2.
Le jeune homme franchit la porte de fer.
Il s’avance lentement et se tient debout sur le bord du sommet de la tour Montparnasse. Sous lui 210 mètres de vide. Il fait nuit, les étoiles palpitent, les bourrasques sont froides et très bruyantes à cette altitude. Il se penche. En bas, au-delà des ténèbres, les voitures circulent comme des colonnes d’insectes lumineux et impatients.
Vertige glacé.
Sur le cadran de sa montre à gousset, s’inscrit « Probabilité de mourir dans les 5 secondes : 63 %. »
La sueur coule sur son front et dégouline dans son dos. Il déglutit, respire à fond, souffle par à-coups. Il s’incline davantage, puis, après une courte hésitation, s’élance dans l’air.
Ses cheveux mi-longs lui fouettent le visage.
À chaque étage franchi de l’immense tour parisienne le pourcentage sur le cadran de sa montre à gousset augmente, « Probabilité de mourir dans les 5 secondes : 69 %. »
Les lignes des baies vitrées défilent.
72 %.
Durant sa chute, il distingue, de manière fugace, les regards hébétés de gens derrière leurs vitres qui l’observent foncer droit vers le sol.
83 %.
Il croise un pigeon qui remonte en sens inverse pour rejoindre son nid.
Alors qu’il n’est qu’à quelques dizaines de mètres du sol, le chiffre inscrit sur le cadran de sa montre passe d’un coup de 89 % à 31 %.
À cet instant, sa chute est brusquement amortie par un gros camion bâché contenant de la mousse de polystyrène pour bâtiment.

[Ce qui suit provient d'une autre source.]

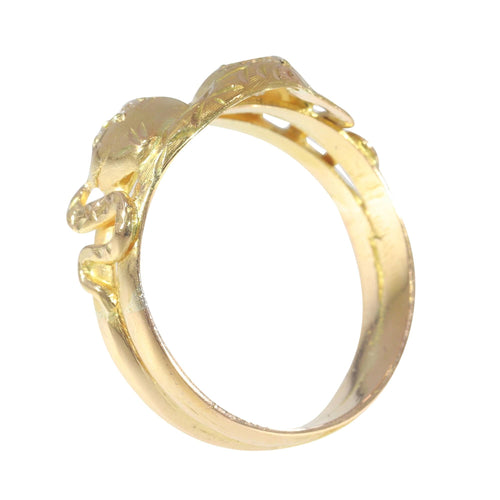 Bague 60 Bague double serpent diamants 58 Facettes 23135-0300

L’imposant véhicule ayant grillé un feu rouge se trouve là exactement au moment où l’homme va toucher le sol.
Indemne et un peu sonné, il n’a pas le temps de se relever que déjà le chiffre sur le cadran remonte subitement « Probabilité de mourir dans les 5 secondes : 98 %. »
Alors il entend le long hululement des freins du camion-citerne qui, surgi sur le côté droit du carrefour ne parvient pas à s’arrêter. Comme au ralenti il percute l’autre camion, dans un grondement de tôles martyrisées.
Ce deuxième camion contient un liquide inflammable. Tout explose dans un feu d’artifice dévastateur.